Tension was evident between Blue and White leader Benny Gantz and Prime Minister Benjamin Netanyahu at the opening of the Knesset’s new session on April 30 (photo credit: MARC ISRAEL SELLEM)
Tension was evident between Blue and White leader Benny Gantz and Prime Minister Benjamin Netanyahu at the opening of the Knesset’s new session on April 30
(photo credit: MARC ISRAEL SELLEM)
Prime Minister Benjamin Netanyahu hinted that he may be willing to have a rotation agreement for the premiership with Blue and White leader Benny Gantz, in his remarks at a memorial service for former prime minister Shimon Peres.
"Let's cooperate like Peres and [former prime minister Yitzhak] Shamir," Netanyahu said.
Peres and Shamir had a rotation agreement after the 1984 election, when neither could form a coalition without the other. Peres was prime minister until 1986, when Shamir replaced him. This was the first and only such agreement in Israel's history.
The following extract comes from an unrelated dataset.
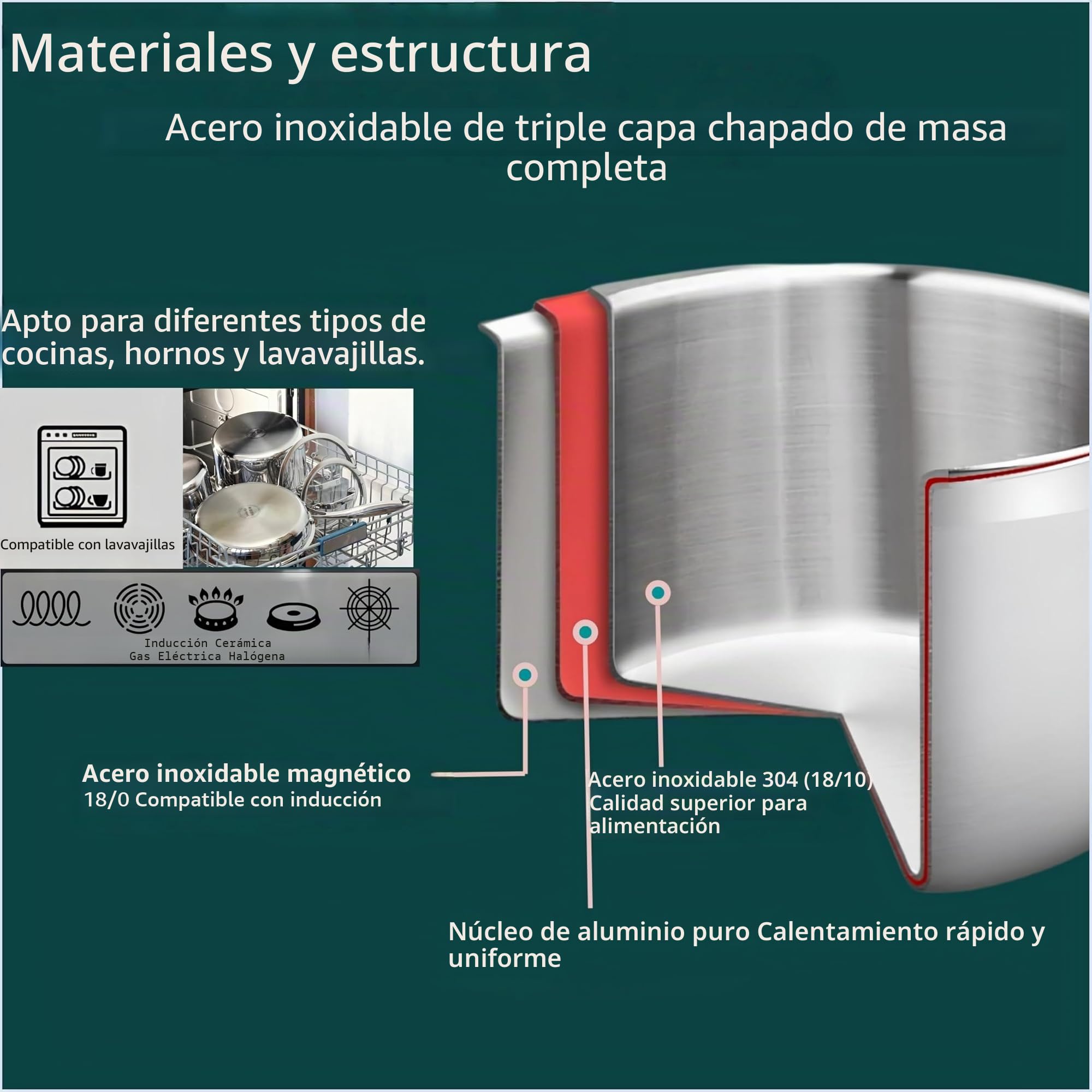 Ollas de cocina con tapa de cristal, juego de 3 cacerolas, diámetro de 16 cm, diámetro de 20 cm, diámetro de 26 cm, apto para lavavajillas, ollas para inducción, totalmente revestidas de acero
Netanyahu and Gantz were also spotted shaking hands at the service.
The prime minister’s remarks came shortly after he made his first call for Likud and Blue and White to form a coalition together, along with the Likud’s religious-right partners of recent years.
“We have no choice but to form a broad unity government, as broad as possible, that is made up of all the elements that care for the State of Israel,” Netanyahu said.
The prime minister acknowledged that he promised a right-wing government during the election, but said that “unfortunately, the results of the election showed it is not possible. The public did not decide between the two blocs.”
Netanyahu called on Gantz to meet with him as soon as possible to start the process of forming a coalition together, confirming an exclusive report in Thursday’s The Jerusalem Post. His office called Gantz’s aides to plan a one-on-one meeting on Thursday.
“The nation expects us, both of us, to show responsibility and act in cooperation,” he said. “We cannot and have no reason to go to a third election. I oppose it. A broad unity government is what is demanded of us today.”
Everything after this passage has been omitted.